◆ Exercise description
Copy all data exactly. Skip pictures.

======== Supplied records ========

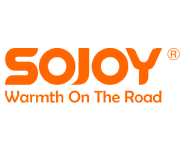 Sojoy Coupons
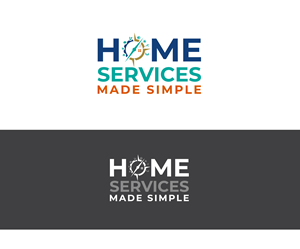 Logo Design by YourLogoMaster for this project | Design: #33365927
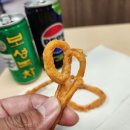 프리터박스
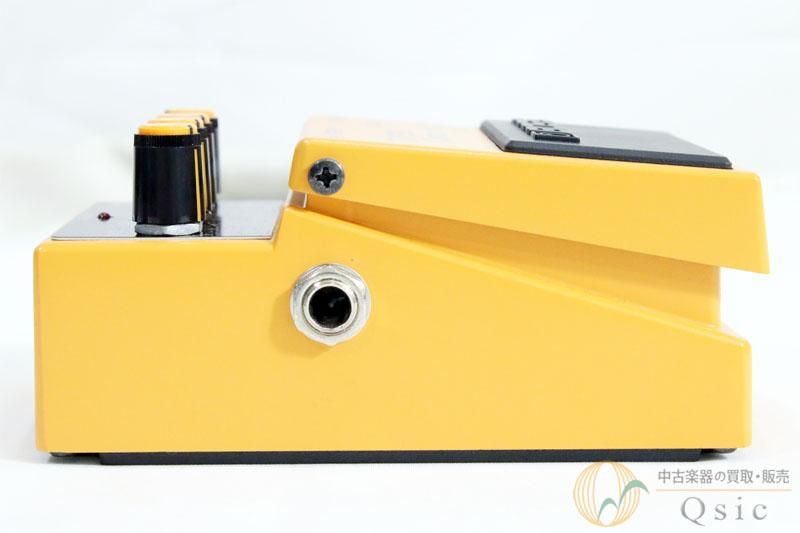 BOSS DS-2 TURBO Distortion 2023年製 [WL146]【神戸店在庫】 - 中古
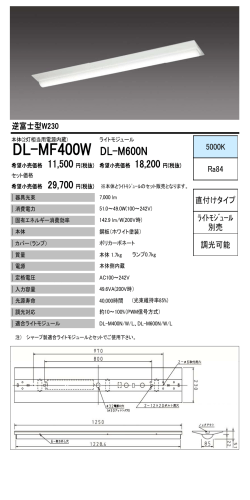 DL-M600N(約195KB)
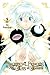 Sacrificial Princess & the King of Beasts, Vol. 2 (Sacrificial Princess and the King of Beasts) by 
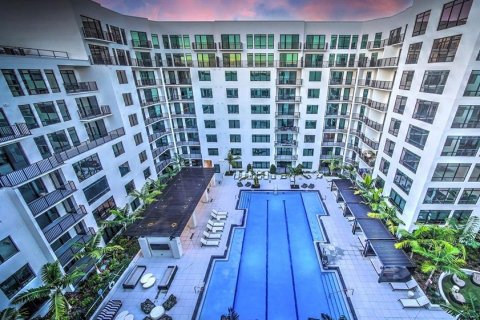 Appartement à louer à Sarasota, Floride: 3 chambres, 167.22 m2 № 1586210 - photo 4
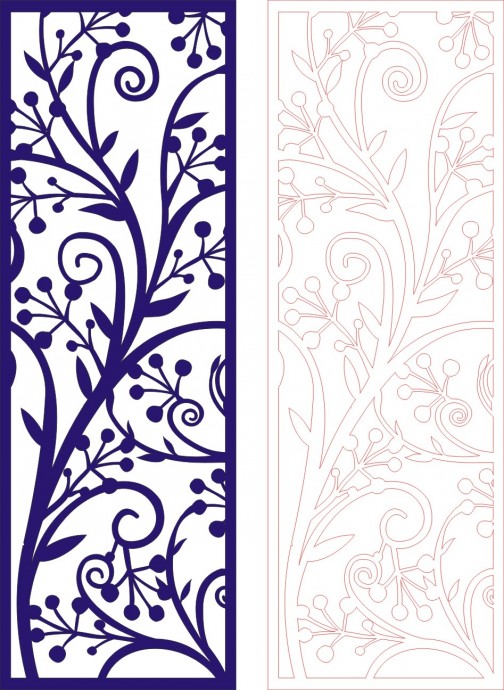 Узоры узоры рисунки цветочный узор ажурные трафареты для открыток шаблоны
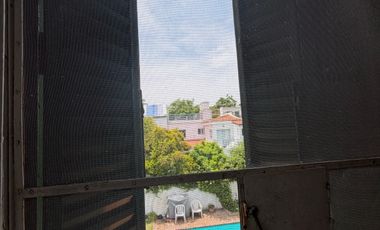 Casa en La Lucila con Pileta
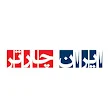 ایران چارتر - بلیط هواپیما سیس icon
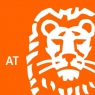 Employer Branding Team, ING Austria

========

◆ Answer area
 Sojoy Coupons
 Logo Design by YourLogoMaster for this project | Design: #33365927
 프리터박스
 BOSS DS-2 TURBO Distortion 2023年製 [WL146]【神戸店在庫】 - 中古
 DL-M600N(約195KB)
 Sacrificial Princess & the King of Beasts, Vol. 2 (Sacrificial Princess and the King of Beasts) by 
 Appartement à louer à Sarasota, Floride: 3 chambres, 167.22 m2 № 1586210 - photo 4
 Узоры узоры рисунки цветочный узор ажурные трафареты для открыток шаблоны
 Casa en La Lucila con Pileta
 ایران چارتر - بلیط هواپیما سیس icon
 Employer Branding Team, ING Austria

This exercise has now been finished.